Bild: Wo die Atomenergie herkommt: Blick in einen geöffneten Reaktordruckbehä…
BERLIN taz | Am Morgen hatte Linksfraktionschef Gregor Gysi noch von einem
"Anschlag auf die Demokratie" gesprochen, Grüne und SPD hatten mit Klagen
gedroht. Denn zuvor war bekannt geworden, dass die Regierung bereits einen
detaillierten Vertrag mit den Energiekonzernen geschlossen hat, diesen aber
geheim halten wollte. Bekannt war zunächst nur, dass die Konzerne sich im
Gegenzug für die längeren Laufzeiten zur Einzahlung in einen Förderfonds
für erneuerbare Energien verpflichten - und dass diese Summe je nach
Entwicklung von Inflation und Strompreis auch höher sein könnte als die
bisher genannten 15 Milliarden Euro.
Die Regierung zögerte zunächst mit der Veröffentlichung,
Unionsfraktionschef Volker Kauder verwies auf "Geschäftsgeheimnisse der
Energieerzeuger", die davon betroffen sein könnten. Als der Vertrag dann am
frühen Abend der taz und anderen Medien doch bekannt wurde, war schnell
klar, warum die Regierung das Werk zunächst geheim halten wollte: Die
Konzerne sichern sich darin gegen teure Nachrüstungen ihrer Atomkraftwerke
ab und verlagern die Kosten auf den Bund.

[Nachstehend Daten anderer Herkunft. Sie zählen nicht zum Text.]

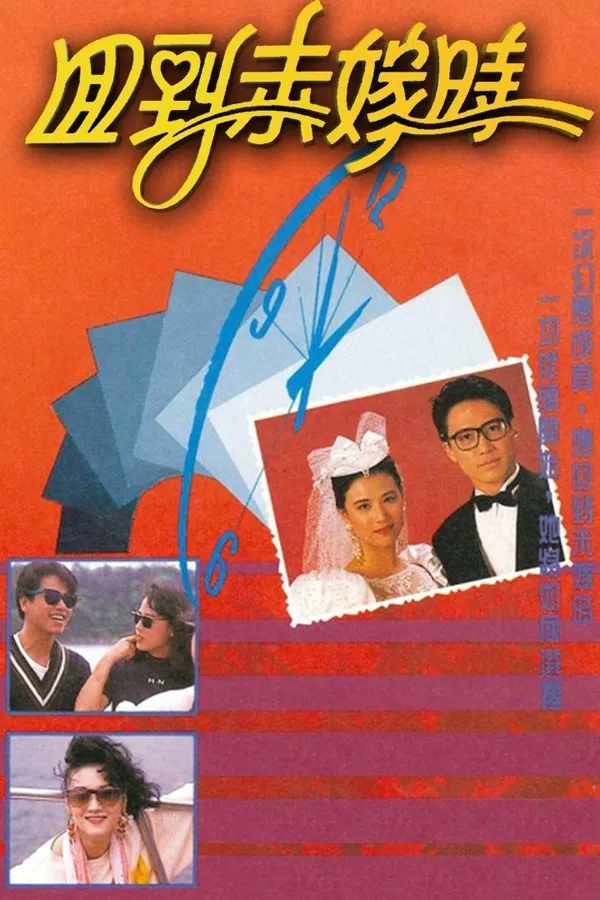 Xem Phim Quay Về Quá Khứ Vietsub HD Online
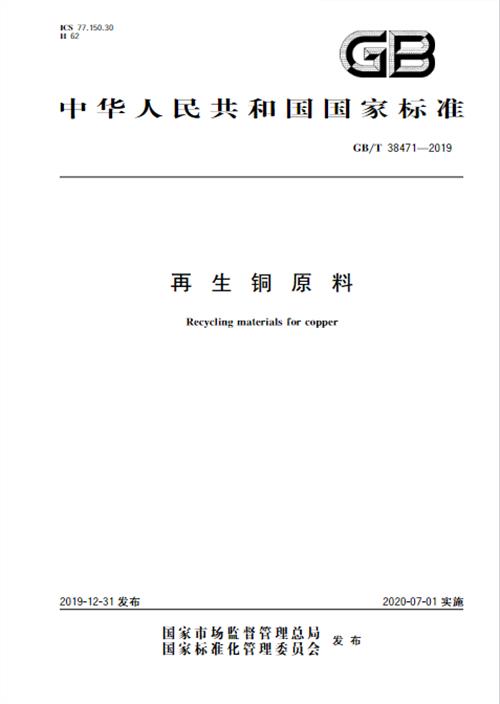 葡萄酒進(jìn)口廣州報(bào)關(guān)有哪些申報(bào)要求呢?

Sofern "ab dem 6. September 2010 gestellte Nachrüstungs- oder
Sicherheitsanforderungen einen Gesamtbetrag von 500 Millionen Euro für das
betreffende KKW überschreiten", wird dieser Betrag von den für die
Ökoförderung vorgesehenen Geldern abgezogen. Umweltminister Norbert Röttgen
bringt das in eine Zwickmühle: Wenn er auf teuren Nachrüstungen besteht,
würde die Bundesregierung weniger Geld von den Konzernen bekommen.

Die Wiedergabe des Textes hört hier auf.